13 February 2005, 15:39 by mark hoekstra

Cell: supercomputer on a chip?

Last week, at the International Solid State Circuits Conference (ISSCC), IBM, Sony & Toshiba got into details of their jointly developed microprocessor code-named Cell.

Look! eight cores!
07chip.390.jpg

Among the highlights of Cell released:

* Cell is a breakthrough architectural design—featuring eight synergistic processors and top clock speeds of greater than 4 GHz (as measured during initial hardware testing)

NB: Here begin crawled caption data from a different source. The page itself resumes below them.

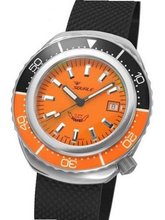 Squale 1000 meter Professional Swiss Automatic Dive with Sapphire Crystal 2002O-R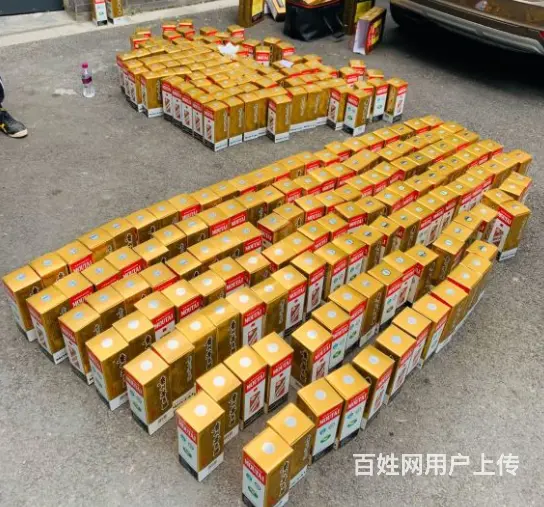 成都二仙桥回收名烟名酒-香烟虫草茅台酒瓶回收点 - 图片 2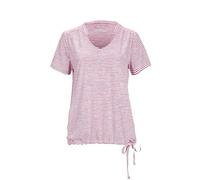 KILLTEC Damen Funktions T-Shirt WMN TSHRT F (3701000) 34 magenta 00448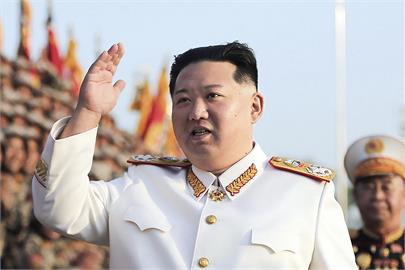 快新聞／北朝鮮「國家級事件」是Omicron入侵！ 當局急下令實施最大緊急檢疫制度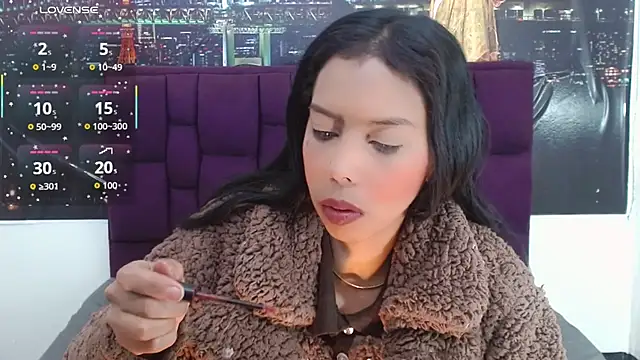 Catalella Ar online show from March 12, 3:45 am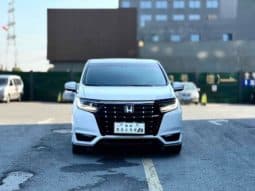 
										Honda Elysion, 2022 full									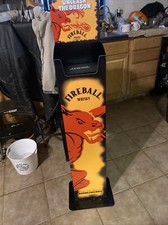Fireball whiskey dragon for sale  Carlton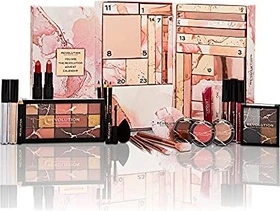 Revolution Beauty You Are The Revolution Adventskalender 2021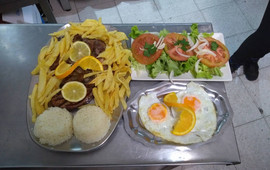 Novo Operario - Cantinho do Picapau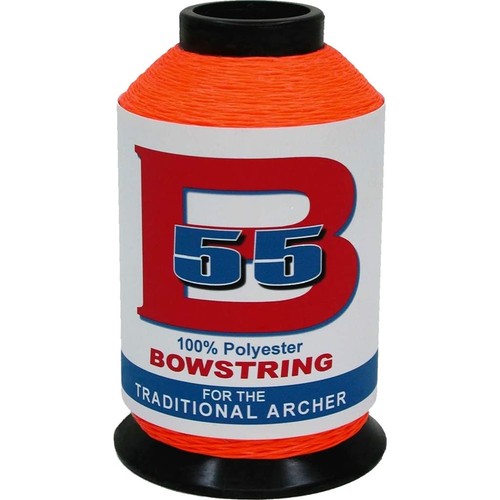 Bcy b55 bowstring material - bowstring,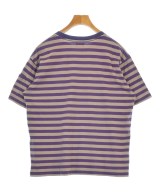 Needles（ニードルス）Tシャツ・カットソー 紫 サイズ:S メンズ/2200679027089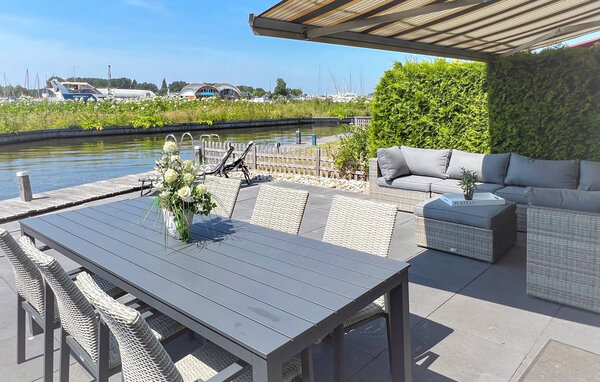 Ferienhaus - Lemmer , Holland - HFR485 101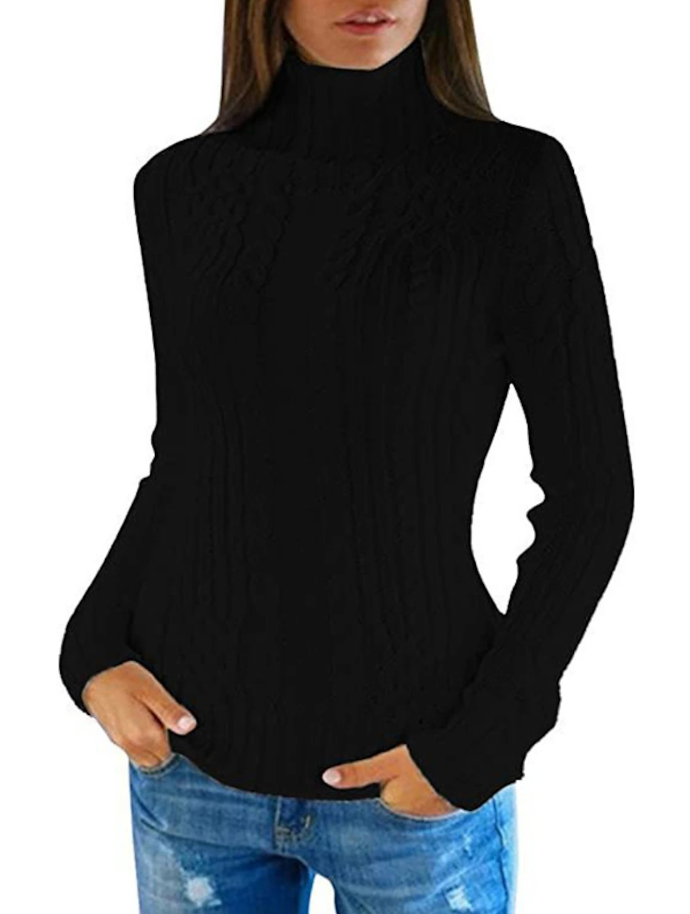 Vintage Inspired Sweater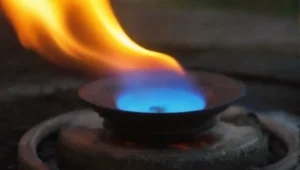 Gas natural: lo que debes saber y su impacto ambiental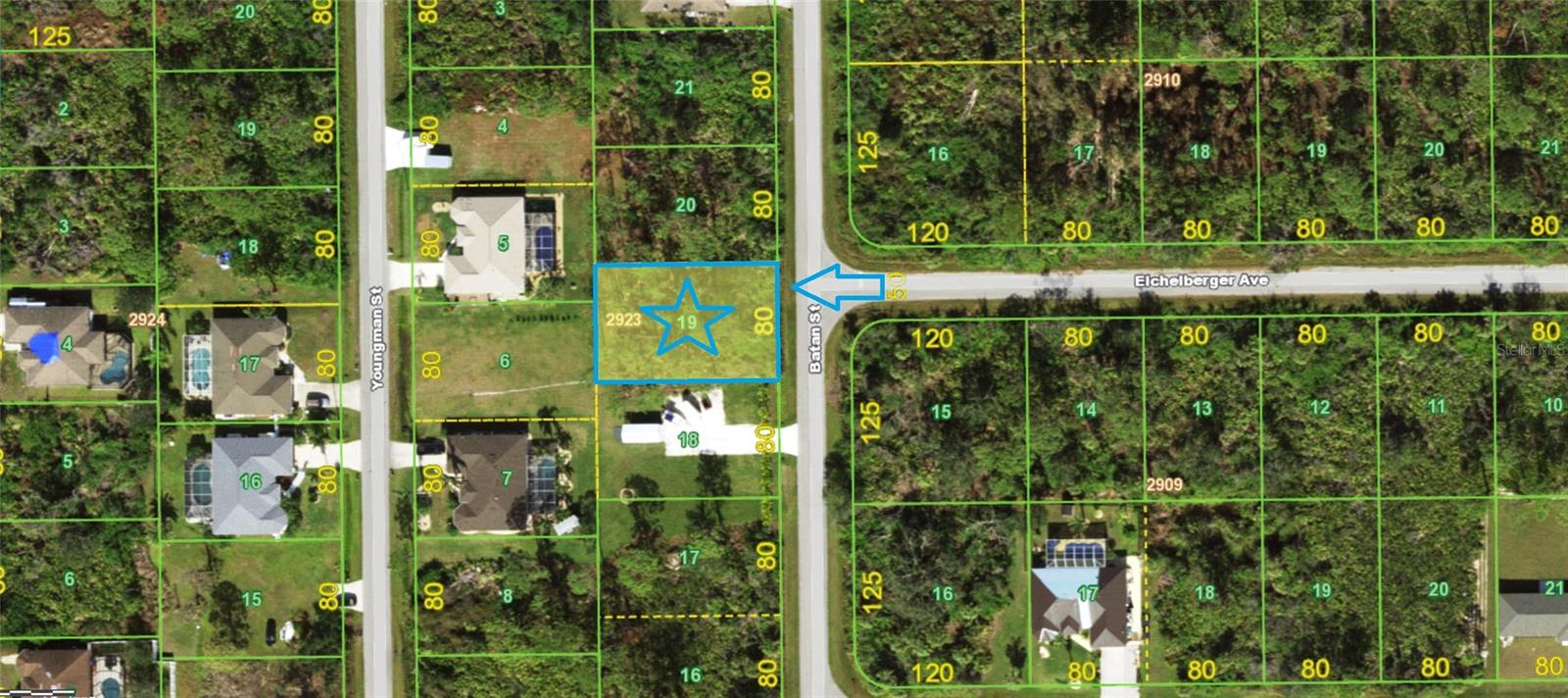 1475 Batan St, Port Charlotte, FL 33953 — photo 1 of 1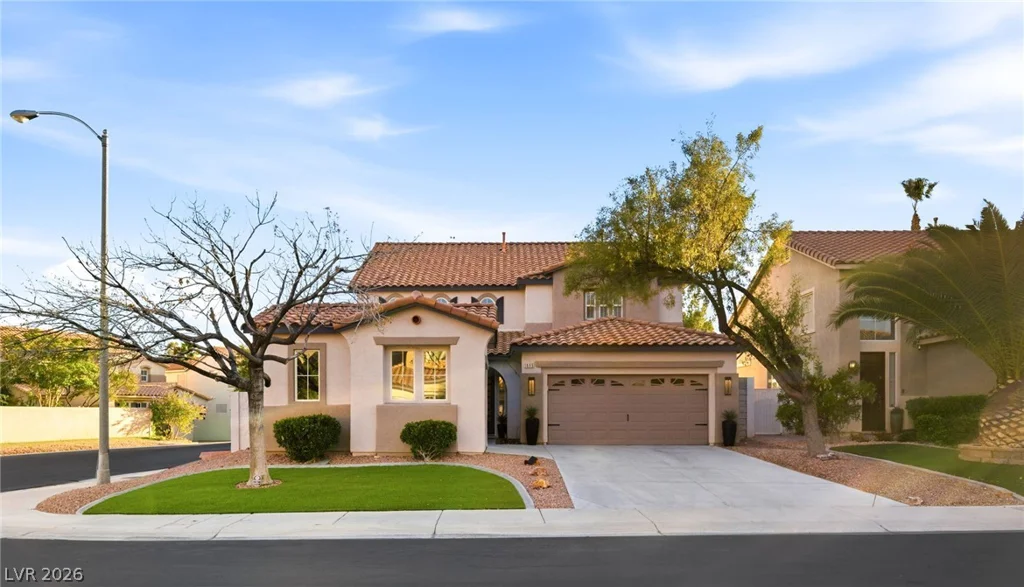 1685 Sabatini, Henderson, NV 89052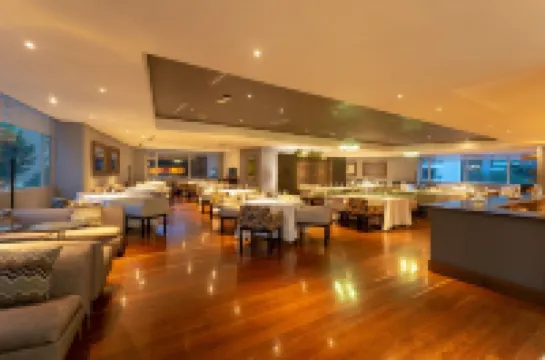 聖費爾南多廣場酒店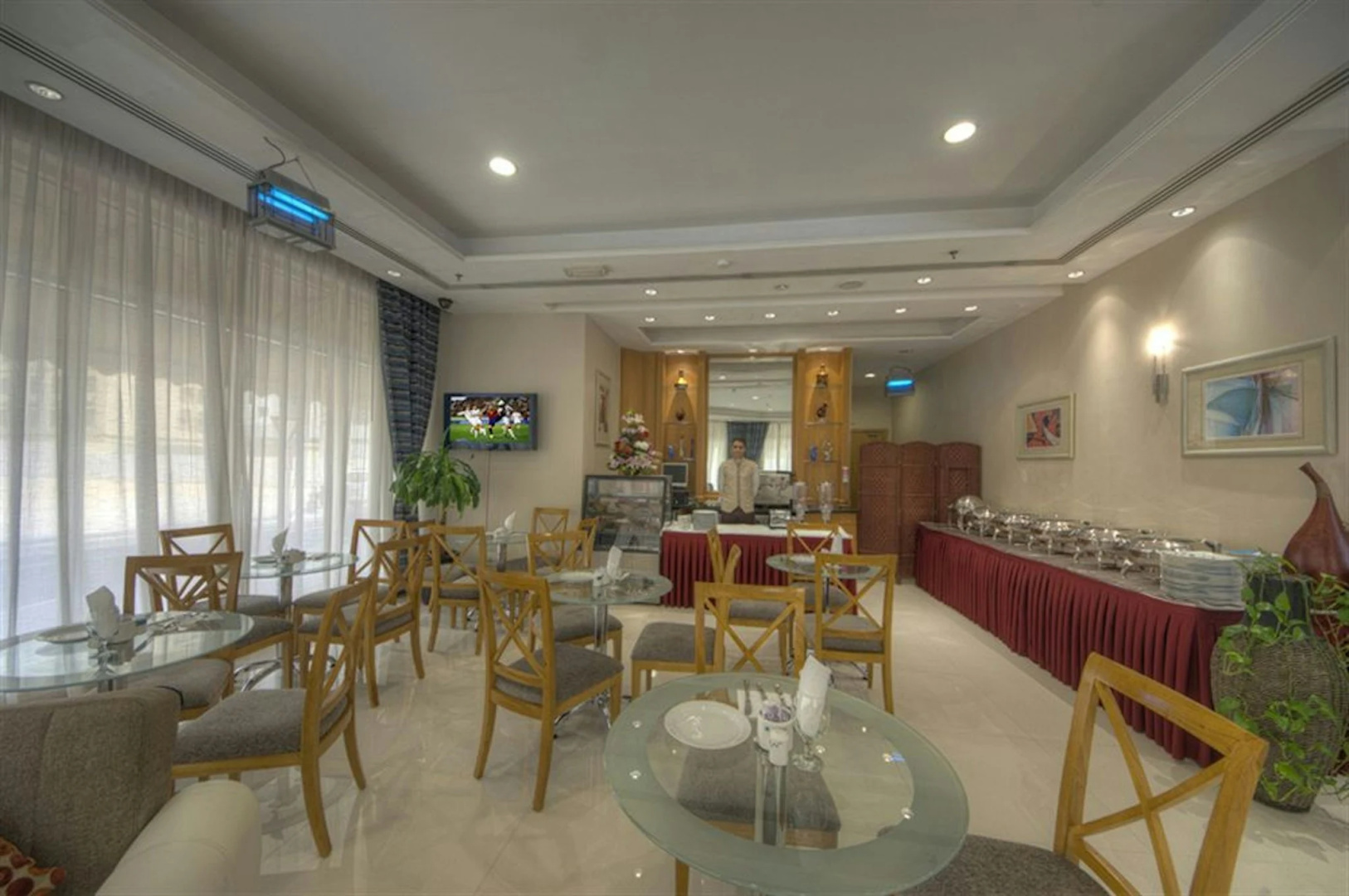 Photo - City Stay Grand Hotel Apartments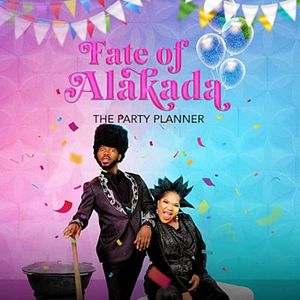 Photo Fate of Alakada
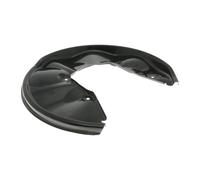 VAICO - V10-5028 - Splash Guard, brake disc - fits VOLKSWAGEN 4F0615611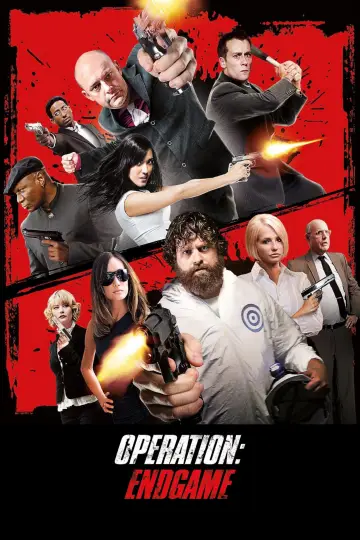 Operacja: Endgame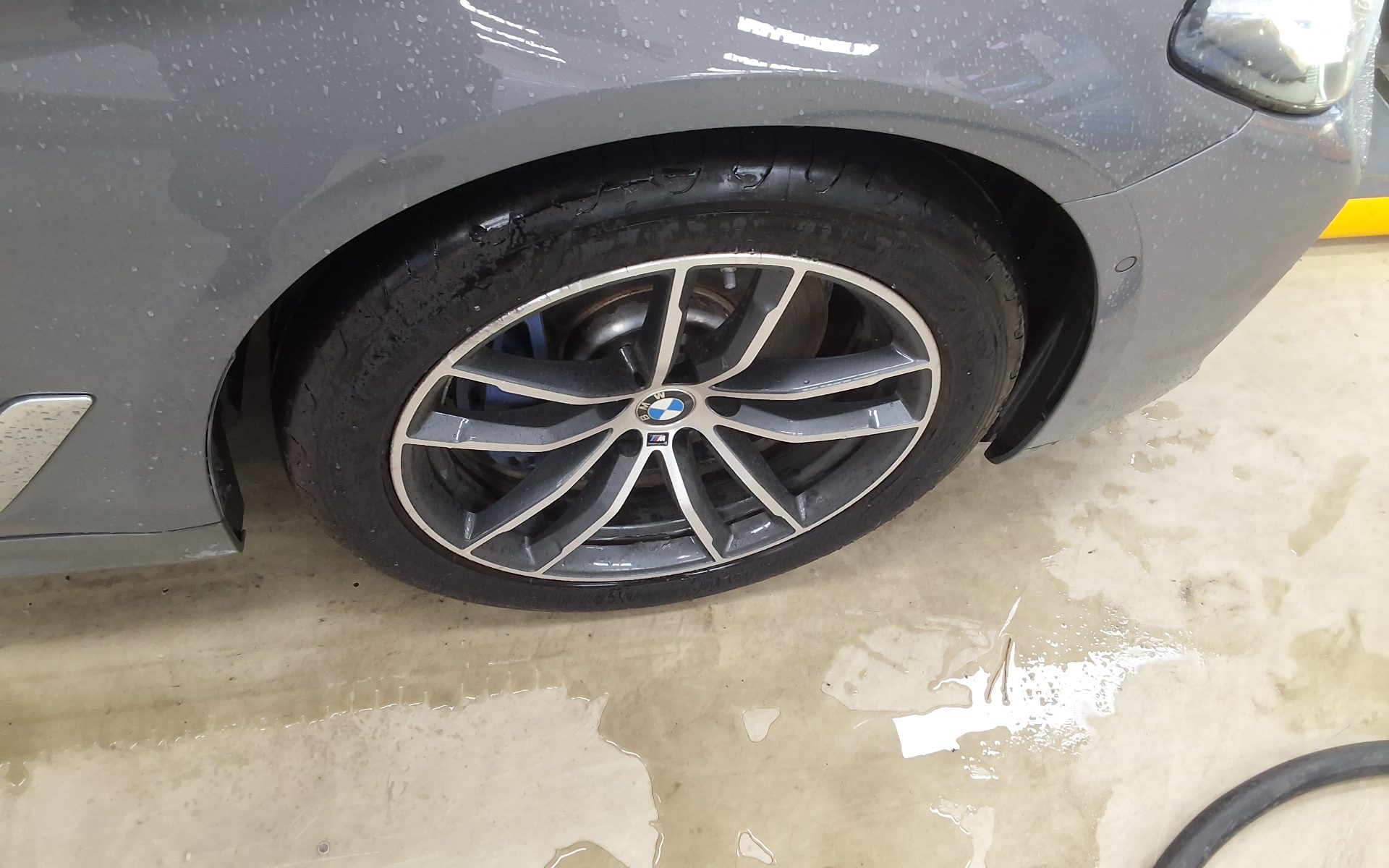 Bmw M5 2021 — صورة 27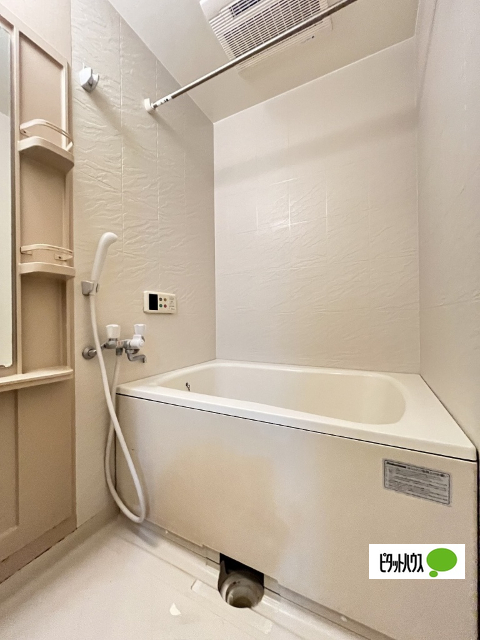 バス・シャワールーム　イメージ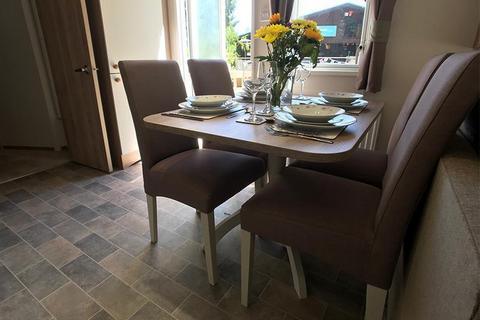undefined, Sandy Balls New Forest Holiday Village – Hampshire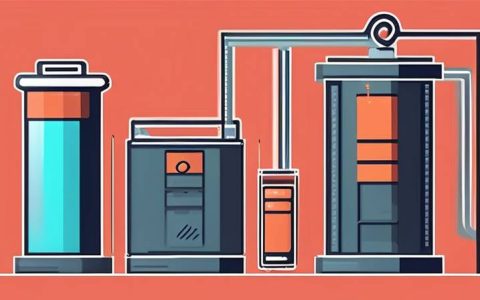 Which of the following are energy storage components?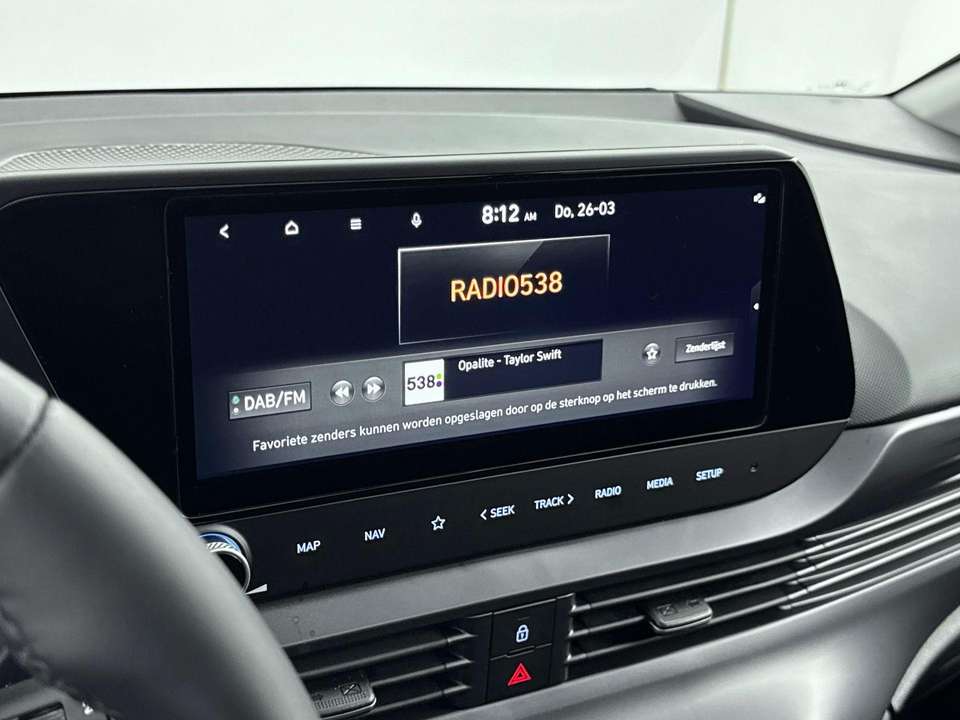 Hyundai i20 - Imagem 7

  • Cell is a multicore chip capable of massive floating point processing
  • Cell is OS neutral and supports multiple operating systems simultaneously

...and some numbers

  • Each Cell processor contains 8 Synergistic Processing Units and a single 64-bit Power Architecture Unit (All are RISC designs with SIMD)
  • Operates at >4GHz and capable of >256GFLOPS
  • 256KB Local Storage per SPU and 512KB L2 Cache (2.5MB total)
  • 128+ concurrent transactions to memory per processor
  • High-speed internal element interconnect performing at 96B/cycle
  • 234 million transistors
  • Prototype die size of 221mm^2
  • Fabricated with 90nm SOI process technology

Weeeeell, that sounds good, doesn’t it?

IBM and Sony have created high expectations in the platform by stressing that a one-rack server equipped with a Cell processor system will reach a performance of 16 TFlops – a rating that would put such a system into sixth place of the current Top 500 supercomputer ranking.

Look! eight cores!
cell8spe.jpg

Time to do play it down a little, don’t you think?

Over at Gizmodo, there’s a great sum-up… 7 Myths of the New Cell Processor :-)

Now let’s wait till we actually see a demo of the PS3 at the E3...

useful links:

Dissection of the Cell over at Arstechnica
...and part II
some more details
Playstation 3 at Wikipedia

BTW, did I mention it has eight cores?